Que celle Estoille ne se crolle,

Moult est l' Estoille belle, & claire: 

Tel devroit estre le Sainct Pere,

Clercs deveroit estre, & estable.

Là vous voyez que Bercy appelle l' Aimant la pierre Mariniere, comme unique, quoy que soit principal instrument de leur conduite, & la Tramontaine, cette Estoille que l' on appelle autrement le North: Puis nous enseigne qu' une aiguille de fer ayant esté frottee de cet Aimant, tourne tousjours jusques à ce qu' elle ait arresté sa pointe vers cette Estoille. Tellement que quand pour l' obscurité de la nuict les Nautonniers ne voyans ny Ciel, ny terre, ny mer, ont perdu toute cognoissance de leur route, apres avoir fait allumer une chandelle & dressé leur Quadrant, ou Boussole, ils jugent là estre le North, où ils voyent la pointe de leur aiguille s' arrester: & de là ils font jugement de la voye qu' ils doivent tenir.
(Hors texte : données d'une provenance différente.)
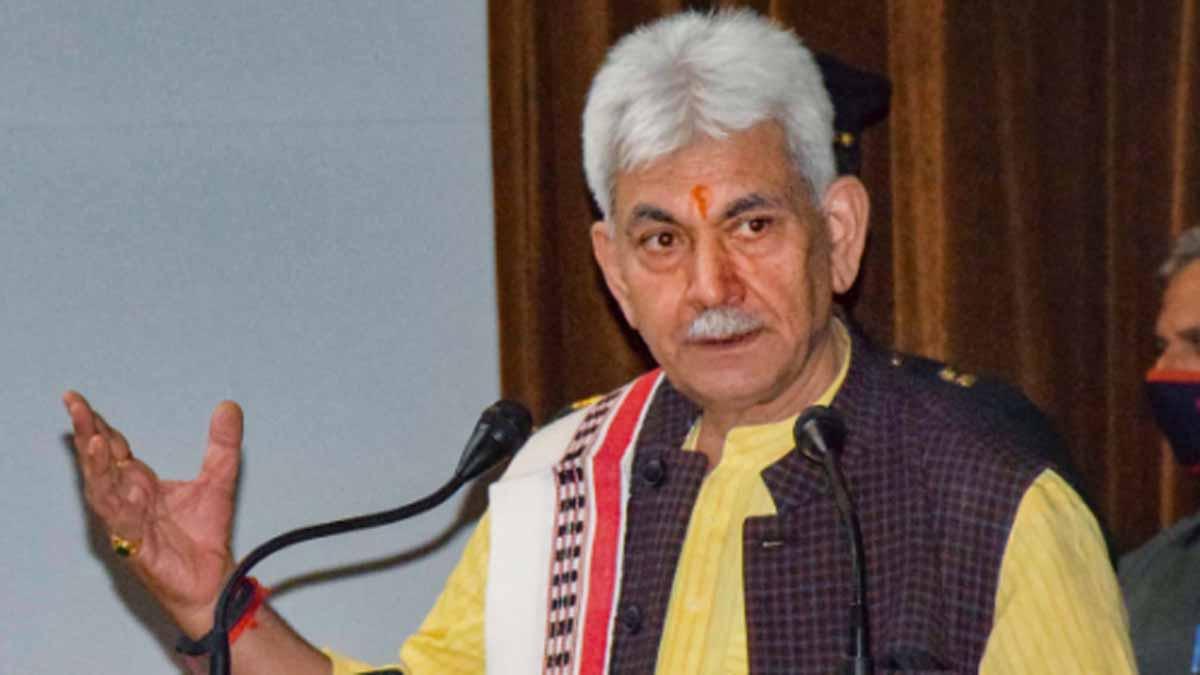 जम्मू-कश्मीर के उपराज्यपाल मनोज सिन्हा (फाइल फोटो-PTI)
Toutesfois il faut noter qu' en cette description il y a une particularité qui n' est aujourd'huy en usage: Par ce que lors on mettoit trois ou quatre festus l' un sur l' autre dans l' eau, & sur iceux asseoit-on l' aiguille: maintenant nous la mettons sur une petite pointe de leton dans nostre Quadrant: Mais tant y a que de ce passage vous pouvez recueillir que l' usage de la Tramontane, & Boussole, n' est une invention nouvelle, ains tres-ancienne sur la marine.

Contre l' opinion de ceux qui estiment que l' invention du Quadrant des Mariniers, est moderne.